Parcourir les 400 kms de la frontière à Râmnicu Vâlcea nous prendra près de 8 heures, parmi lesquelles 45 minutes totalement à l'arrêt pour le passage d'un train. Cependant, ce long trajet ne fut pas particulièrement éprouvant, malgré l'état des routes et la conduite très latine des Roumains, en raison de la beauté des paysages que nous traversons. Des montagnes, des prairies très vertes, pas de champs de culture comme on peut en voir en France, une végétation luxuriante, des arbres fruitiers, des pommiers en fleurs. Les maisons sont particulièrement pimpantes et fleuries et des sacs de pommes de terre et d'oignons, à vendre, sont suspendus au bord de la route.
A Sibiu, induite en erreur par un panneau, je tourne à droite et après quelques kilomètres, à la sortie d'un village, nous débouchons sur un chemin de terre. Je demande la direction de Râmnicu Vâlcea à de vieilles femmes hilares qui lèvent les bras avec de grands cris « No Râmnicu Vâlcea ! ». Je ne comprends pas grand-chose mais j'ai compris le principal : je ne suis pas dans la bonne direction. Nous rebroussons donc chemin vers Sibiu où nous avons du mal à retrouver la direction de Râmnicu Vâlcea et c'est un Allemand (décidément, ça me poursuit !) qui nous met sur la bonne direction. La nuit est tombée et je reprends le volant. Après Sibiu, nous attaquons les routes de montagne et le danger augmente car là encore, les Roumains doublent dès qu'ils ont 10 mètres devant eux. Nous appelons Dana qui nous recommande de faire attention. Tout se passe bien jusqu'à 10 kilomètres de l'arrivée où un Roumain, visiblement mécontent que je double, me bombarde d'appels de phare pour me faire dégager et entreprend de forcer le passage au moment où la voie redevient unique, manquant me foutre dans le fossé. Furieuse, je l'insulte copieusement et lui fout mes pleins phares dans la gueule, à mon tour.
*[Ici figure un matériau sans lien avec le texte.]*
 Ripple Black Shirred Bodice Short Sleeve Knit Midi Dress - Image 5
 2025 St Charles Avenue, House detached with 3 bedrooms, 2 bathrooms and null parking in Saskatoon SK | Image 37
A 21h45, nous entrons dans la ville de Râmnicu Vâlcea. A la hauteur de l'hôpital, je reconnais la station-essence qui se trouve au pied de l'immeuble de Dana et m'engage sur le parking. Quelques minutes plus tard, Dana qui s'est faite très élégante pour nous accueillir nous embrasse et nous entraîne jusqu'à son appartement où après avoir trinqué à nos retrouvailles avec un verre de vin blanc roumain (Graca de Cotnari), nous dégustons ce qu'elle a préparé : soupe aux quenelles de semoule, macédoine de légumes au poulet puis maquereau grillé sur lit de légumes croquants. Et en dessert, gâteau à la crème de griottes et des amandines (petits gâteaux au chocolat). Nous avons ensuite discuté jusqu'à 3 heures du matin et ri quand Dana a lu mes derniers billets en prime-time et quasi-instantané, avant de virer la grenouille borgne posée sur le lit confortable de Dana.